L’imputato deve essere mandato assolto da entrambi i reati a lui ascritti, per
insussistenza del fatto.
Le dichiarazioni dei testi dell’accusa (in particolare quelle dei testi Sabot e
Lanza dipendenti del Servizio Veterinario della A.S.S. n. 5 “Bassa Friulana”,
campion, titolare della società “Agrifish s.n.c.” di bagnaria Arsa, e Tramontini,
in servizio presso il N.A.S. dei Carabinieri di Udine) e del consulente del
pubblico ministero, prof. Perin, hanno consentito di chiarire quale fu l’origine
del presente procedimento, vale a dire un’allerta comunitario che segnalò come
le analisi eseguite nel febbraio del 2005 in Germania su una partita di trote,
provenienti dall’allevamento ittico dell’azienda friulana, avesse rilevato la
presenza nei pesci di una sostanza denominata “verde malachite” (o MG, vale a
dire Malachite Green), la cui presenza è proibita a livello comunitario negli
alimenti destinati all’uomo.
I conseguenti controlli avviati in Italia partirono proprio dall’allevamento di
Bagnaria Arsa gestito dalla società facente capo a Campion, atteso che la
sostanza in questione, pur se vietata, ha caratteristiche tali da poter essere
utilizzata per la disinfezione di acquari e vasche di allevamento: vennero in
particolare eseguiti prelevamenti di pesci nell’allevamento ittico ed anche nei
corsi d’acqua che ne alimentano le vasche ed in quelli nei quali confluiscono
gli scarichi, rilevando anche in alcuni dei pesci autoctoni tracce di verde
malachite; per tale ragione, le indagine vennero estese all’articolata rete
idrografica di acqua dolce che interessa la zona ove ha sede l’allevamento,
mediante campionamenti di sedimenti e di acque, nelle quali, nel dicembre 2005,
venne rilevata la presenza della sostanza ricercata (come riferito dalla teste
Plazzotta dell’A.R.P.A. regionale, vd. la pag. 30 della trascrizione della
registrazione dell’udienza del 30.9.09).
La Procura della repubblica decisa così di approfondire sul piano tecnico le
indagini (quando esse riguardavano ancora il titolare della società “Agrifish”,
Nicola Campion, nei cui confronti si ipotizzava che avesse contaminato il
proprio prodotto destinato all’alimentazione, usando la sostanza di cui si
discute per l’igienizzazione delle vasche), conferendo un incarico di consulenza
ad un esperto in tossicologia, il prof.
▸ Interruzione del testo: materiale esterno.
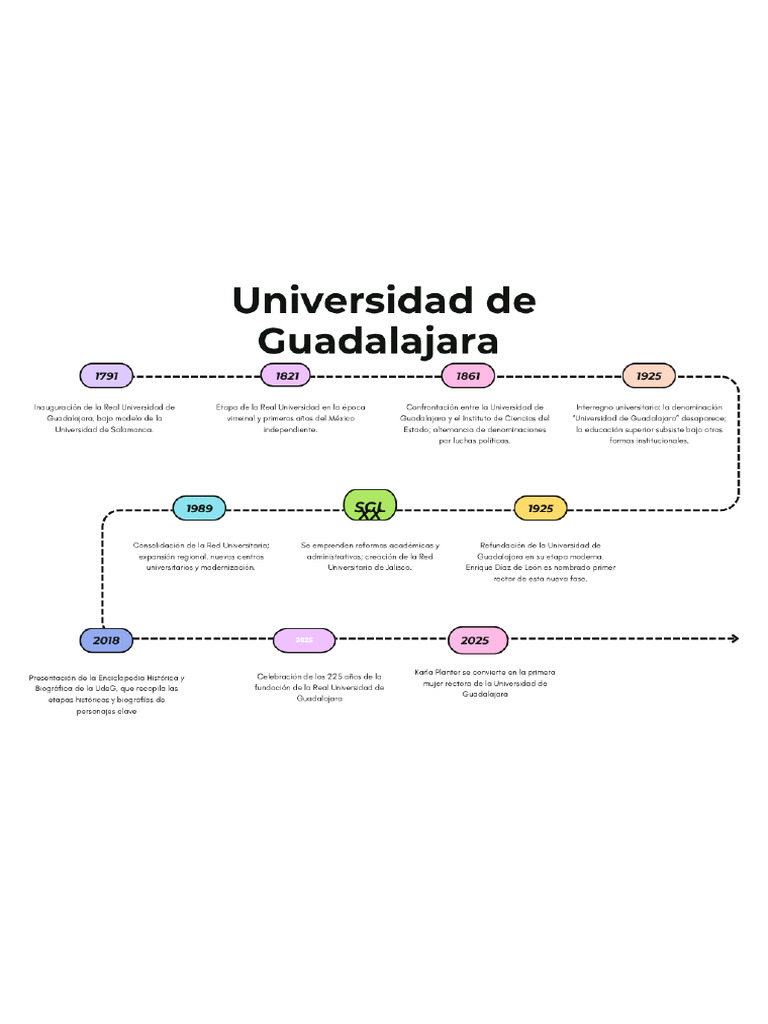 Linea | PDF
Perin dell’Università di Venezia, il
quale per un verso eslcuse l’utilizzo di verde malachite nell’allevamento ittico
di Campion, e concentrò invece la propria attenzione sullo stabilimento della
società “Bipan” di Bicinicco, dopo che era risultato dalle indagini che
quest’ultima società aveva certamente utilizzato per la colorazione dei pannelli
di legno di sua produzione la sostanza verde malachite (circostanza
pacificamente confermata in aula dalle deposizioni dei testi fabbri e Macor, e
comprovata altresì dalla fatture della società fornitrice “Softer Color”
acquisite sull’accordo delle parti all’udienza del 30.9.09).
Il consulente ha in particolare riferito che i prelevamenti di sedimenti,
eseguiti a monte e a valle dello stabilimento di Bicinicco, avevano indicato
come la fonte massica di inquinamento fosse riscontrabile proprio a livello di
quell’insediamento produttivo (vd. l’esame del consulente, alle pagg. 7/9 della
trascrizione dell’udienza del 30.9.09: “Noi abbiamo trovato che dove terminava
l’inquinamento del sedimento vi era corrispondenza con uno stabilimento di una
fabbrica … a monte della Bipan … noi abbiamo prelevato i campioni semplici ---
(e non abbiamo trovato, n.d.r.) niente”; alle medesime conclusioni giunge anche
la relazione scritta, acquisita nel corso della medesima udienza a mente
dell’art. 501, comma 2° c.p.p.).
L’ulteriore approfondimento istruttorio si è quindi concentrato sulla natura e
qualificazione della sostanza di cui ci si occupa, il verde malachite: in
proposito, il consulente della pubblica accusa prof. Perin ha spiegato che (cfr.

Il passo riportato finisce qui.